There is Manchu. Once the ruling language of China's Qing dynasty, spoken by the people who governed a fifth of the world's population for nearly three centuries, Manchu is now down to fewer than a hundred native speakers, mostly elders in Sanjiazi village in Manchuria. A young Manchu man who had started learning his ancestors' tongue told a reporter: "If Manchu dies out, so much will be lost. Language is the soul of a culture. People would never truly understand Manchu culture and history." The same state that disappeared the Panchen Lama is the same regime now tightening instruction in minority languages across its "autonomous" regions, where Manchu is dying but yet its speakers are told their language is officially protected. Protection and extinction are not opposites. Often they're the same policy wearing different names.

There are also, thankfully, counterexamples. Welsh, Hawaiian, Māori—the languages that returned from the edge through sustained, community-driven effort. Cornish, once declared extinct, is now being taught to children in Cornwall. Hebrew was resurrected from a purely liturgical language into a living mother tongue.

Revival requires continuous community, resources, political will, and above all, the uninterrupted chain of people who remember and share. All of which colonialism violently targeted. Once enough links in that chain are missing, revitalization becomes archaeology. You can dig up the bones. You cannot make them walk.

My Relations

There is, though, at least a silver lining. I've done the genealogy research as best I could independently on my own, and cross-referenced it with the family tree my father and half-brother have created—and luckily I was accurate. These names are the links in the chain that survived. Let me tell you who I am, and what my relations are.

I am Red River Métis, a member of the Manitoba Métis Federation. My ancestry traces directly to the Red River Settlement through several documented family lines. On my father's side, I descend from Alexis Lamirande (b. 1839, St. Norbert, Manitoba) and his mother Marguerite Danis (b. 1805, Red River), whose father Louis Lamirande (b. 1793) made the journey from St-François-du-Lac, Québec to the Red River Settlement, where he died in 1873. Further back, the line reaches Jacques Lamirande (b. 1755, Louiseville, Québec), among the earliest documented ancestors in this branch. Parallel lines include the Charron dit Ducharme family, rooted in St. Boniface and St. Vital across multiple generations, and the Pilon family — Antoine William Pilon (b. 1785, Pointe-Claire, QC, d. 1869, St. Norbert) and his daughter Marie Pilon (b. 1840, St. Norbert). All of which were central to the francophone Métis parishes of the Red River. These are the families who built the community that became Manitoba.

Marguerite La Montagnaise (described as Chippewa/Ojibwe, b. 1776, St. Norbert, Red River Settlement; d. 1853, Winnipeg, Manitoba) is among the most directly named Indigenous ancestors. Philomène Larivière (Cree, b. 1750, Red River) and Joséphte Maskégonne (b. 1765, Red River Settlement) are further documented. These ancestors reflect the historical reality of Métis identity: the children and grandchildren of French-Canadian and Scottish fur trade men who formed families with Cree, Ojibwe, and other First Nations women in the Red River basin.

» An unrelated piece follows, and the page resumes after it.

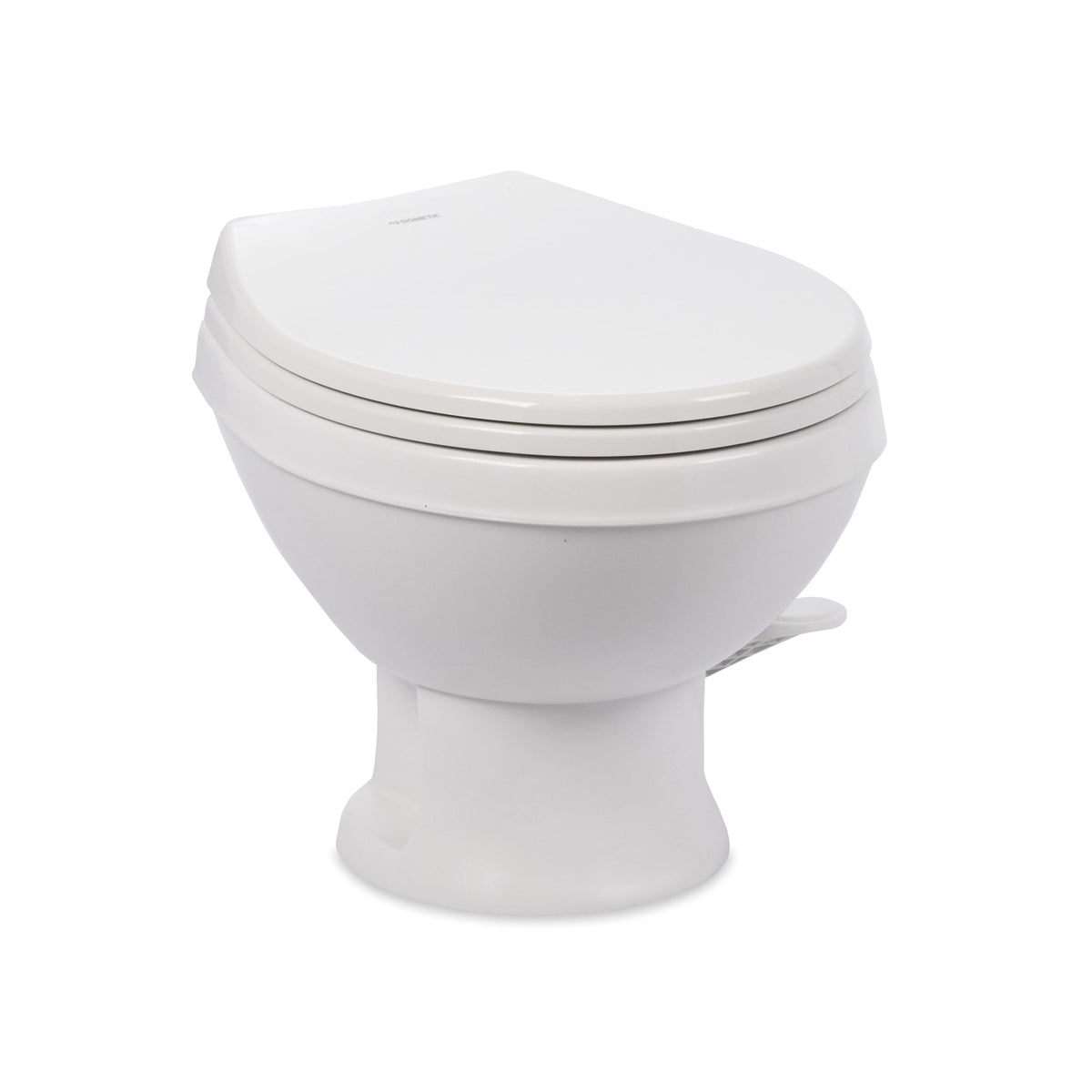 Dometic Model 401 front profile showing full-size bowl and comfortable rim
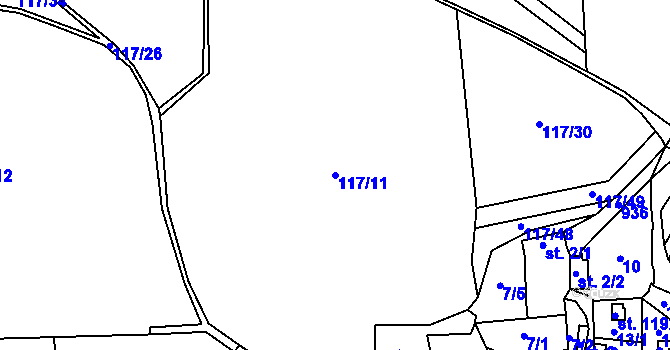 Parcela st. 117/11 v KÚ Háje u Chebu, Katastrální mapa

When I say these names, I am practicing both genealogy and ceremony. The record survived. The chain of transmission was not fully severed. My ancestors lived in the St. Norbert corridor, in the parishes along the Red and the Assiniboine, in a world smelling of pemmican, woodsmoke, and river mud. They witnessed Louis Riel be called a traitor by the same government that called their children's French "low." They spoke Michif.

What the Panchen Lama's disappearance and the death of Michif as a mother tongue share is colonialism. The weaponization of continuity. When you break the chain of succession, recognition, and transmission, you get to steal and recreate culture at your will and peril.

You get to name what comes next. You get to appoint the boy who will identify the next God-king. You get to call the children's English fluency progress, not loss.

The water stays murky, yes. But murky does not mean gone. Murky is not invisible. Murky water is still water. Murky means something happened upstream, and the river remembers it. The river always remembers, even when we've forgotten the name.